Município registra em apenas três meses o total de ocorrências listadas em 2011

Um surto de malária assusta os moradores do município de Anapu, na região da Transamazônica. Segundo a secretaria municipal de saúde, os registros de casos comprovados já superaram os de 2011, quando foram contabilizados 601 casos. Cerca de 400 lâminas são realizadas toda a semana no município, das quais 20% têm resultado positivo. Em janeiro deste ano, o governo do Estado enviou ao município quatro mil mosquiteiros com inseticida, sendo que há a promessa de remessa de mais oito mil mosquiteiros para atender a grande demanda. A maior incidência dentro do município de Anapu é a malária vivax. Os sintomas iniciais da doença são dor de cabeça, febre baixa e constantes dores musculares, calafrios e mal-estar generalizado.

O período de aparecimento dos primeiros sintomas, assim como o ritmo de sequência dos episódios de malária, dependem do gênero do parasita, mas de forma geral os sintomas se iniciam entre 10 a 35 dias após o mosquito haver injetado o parasita na pessoa. Os episódios podem se iniciar de repente, com calafrios e tremores, acompanhados por sudorese e febre intermitente. Esses sintomas seguem sempre um padrão semelhante, podendo ser acompanhados de um período de cefaléia ou de mal-estar, calafrios com tremores e febre que dura de 1 a 8 horas. Os ataques podem ocorrer a cada 48 horas e durar entre 20 a 36 horas, ou recorrer a cada 72 horas. Os padrões da doença variam de acordo com o tipo de malária e as complicações podem ser fatais.

Em março do ano passado, a empresa Norte Energia, responsável pelas obras de construção da usina hidrelétrica de Belo Monte, firmou um convênio com a prefeitura de Anapu, de mais de 3 milhões de reais, sendo que os valores devem ser destinados a um plano de ação de controle da malária, peça integrante do processo de licenciamento ambiental promovido pelo Ibama, nos empreendimentos em regiões endêmicas de malária, conforme resolução do Conselho Nacional de Meio Ambiente (Conama). O plano para controle da malária prevê a ampliação da estrutura dos municípios e a qualificação da gestão municipal de modo a facilitar o acesso da população a medidas de controle da malária e, desta maneira, permitir o diagnóstico precoce e promover a melhoria da saúde pública na região amazônica.

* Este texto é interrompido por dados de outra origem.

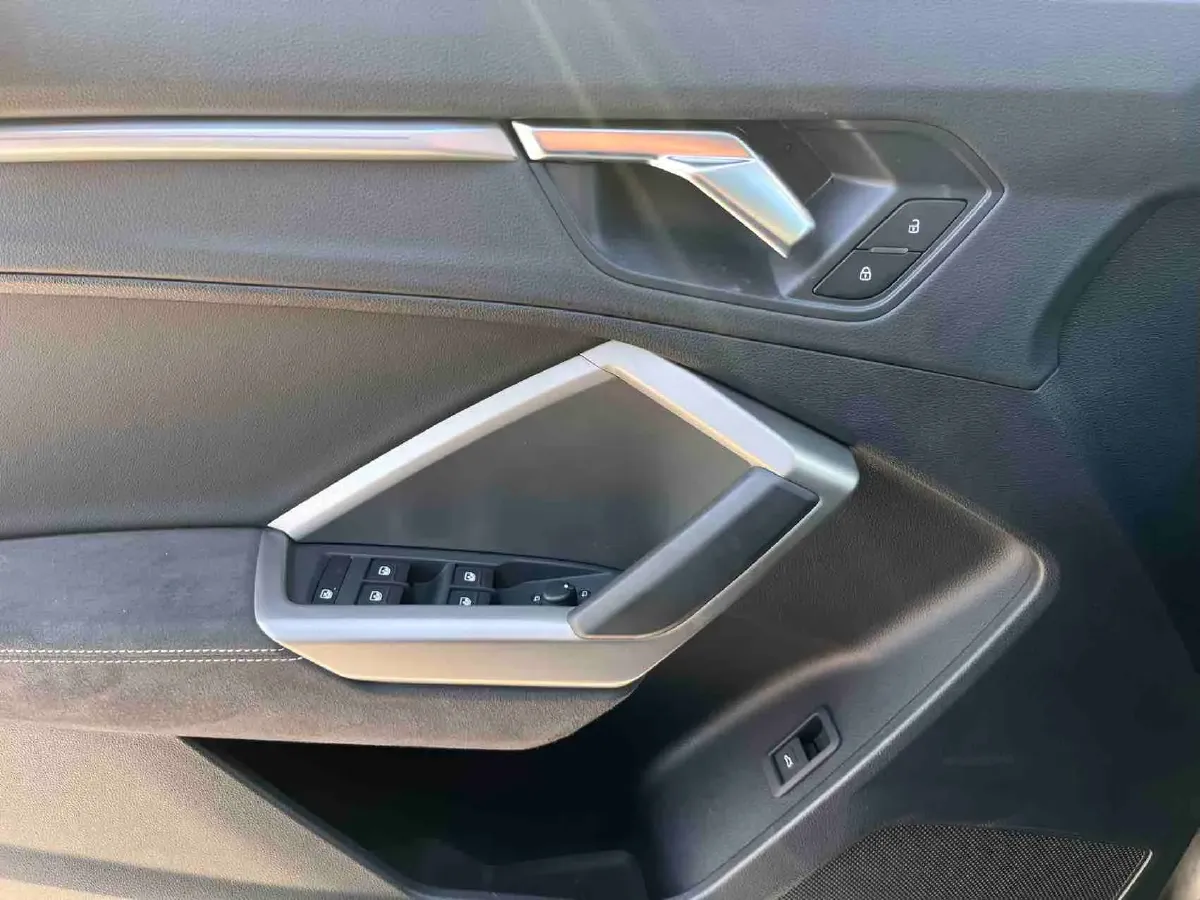 2022 Audi Q3 1.4T 150HP L4 7DCT,autocango,china used car exporter,china ev exporter,chinese used car exporter,chinese used ev exporter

O plano terá um custo total de R$ 36,8 milhões para a Norte Energia. Os municípios da área de influência indireta da UHE Belo Monte não incluídos neste programa receberão recursos da Norte Energia para a área de saúde por meio do PDRS Xingu, cujo valor total para essas e outras ações prioritárias na área social e ambiental é de R$ 500 milhões, por parte da Norte Energia, e de R$ 2,5 bilhões, entre recursos dos governos do Pará e federal.